C’è poi un problema Quagliarella. Fabio il napoletano, quando chiamato in causa, corre e si sbatte come pochi, è sfacciato nel tentare certe giocate e a volte ci riesce, copre e attacca, rilancia e rientra. Con Iaquinta out la Juve soffre seriamente là davanti. Perché Amauri è in ripresa, ma una lentezza così nel rientrare in forma, mentalmente e fisicamente, proprio non ce lo possiamo più permettere, e Del Piero è troppo solo e da solo non può risolvere tutte le partite.

Advertisment

Serve riflettere sul nervosismo del Capitano e sulla risposta di Del Neri ieri nel post-partita: problemi tattici.
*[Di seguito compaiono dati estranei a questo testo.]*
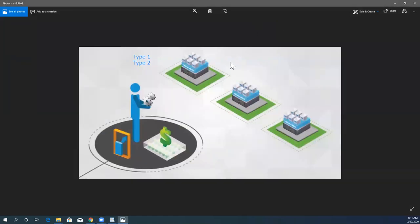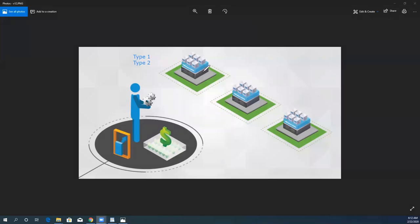Here you can see that when we talk about the Type 1 hypervisor, it is completely independent from the operating system. You can install the Type 1 hypervisor directly on your hardware. In the image you can see that we have the physical machine, and on that physical machine we installed the hypervisor from VMware, which is called ESXi. This Type 1 hypervisor does not depend on or require any other operating system to make it operational.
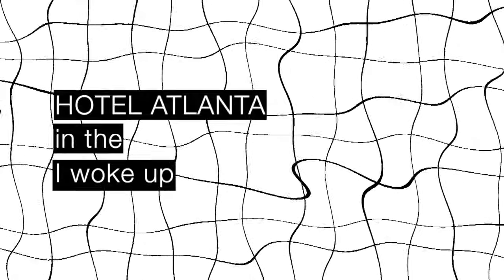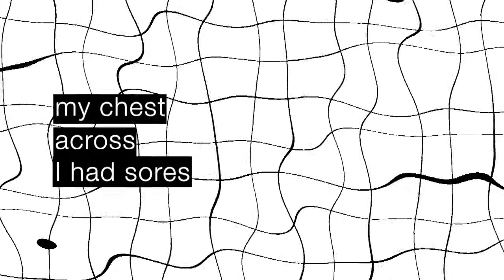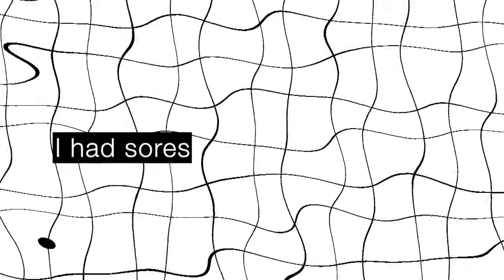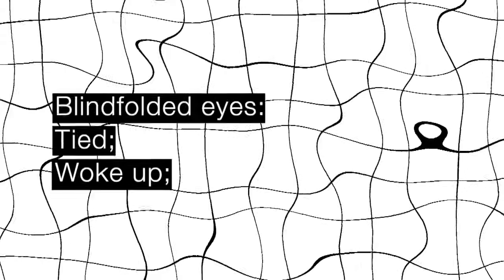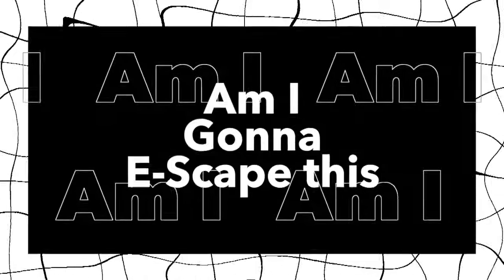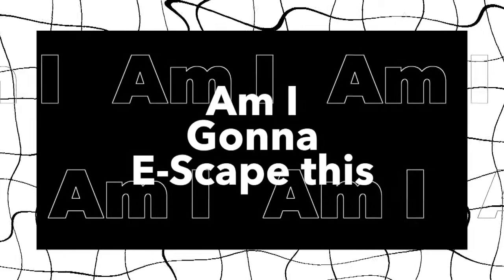I woke up in the hotel that night. I had souls across my chest. I woke up tired, blindfolded eyes. Am I gonna escape this?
Del Piero era costretto a saltare uno, due e tre avversari e si ritrovava senza compagni cui passare il pallone. Costretto a indietreggiare fino al centrocampo per ottenere il possesso palla. Ali inesistenti, incursioni di Marchisio e Sissoko insufficienti. Amauri troppo fermo e nervoso. Così, signore e signori, non va. Occorre continuità e tanto lavoro. Andare a corrente alternata non è da Juve e non aiuta a crescere come squadra.
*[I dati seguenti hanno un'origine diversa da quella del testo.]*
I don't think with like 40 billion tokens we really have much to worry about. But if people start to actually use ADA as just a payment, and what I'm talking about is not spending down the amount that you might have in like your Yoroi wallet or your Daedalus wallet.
Capitolo ali. Tolto Krasic e praticamente assolto Lanzafame, inutilizzato fino a qui e vittima di un infortunio che non ci voleva, la Juve non ha esterni. Simone Pepe, dopo un avvio scoppiettante, si è improvvisamente intristito: che succede? Calo di forma? Già a fine ottobre? Martinez è semplicemente imbarazzante: un esterno che non punta e non salta un avversario è ridicolo e fuori luogo; che gira su stesso perdendo due minuti per tentare la manovra non è da Serie A; che perde palloni a valanga non è da Juve. Se per Pepe la soluzione è semplice, per Martinez non riesco a capire la via d’uscita: occorre un acquisto serio e occorre accantonarlo da qualche parte. E’ già la terza o quarta volta che si ripete questa situazione, vuol dire che il problema è serio e va risolto. Probabilmente è l’unico acquisto sbagliato della gestione Marotta: va bene così, ci metterei la firma per sbagliare un acquisto su dieci.

Adesso c’è il Bologna, col rientro di Aquilani e Quagliarella e Melo titolare. Poi c’è il Milan. O si danno una svegliata o Marotta farà piazza pulita già a gennaio. Questo è poco, ma sicuro. Col beneplacito della tifoseria. Per una volta: tutti uniti. Almeno fuori dal campo.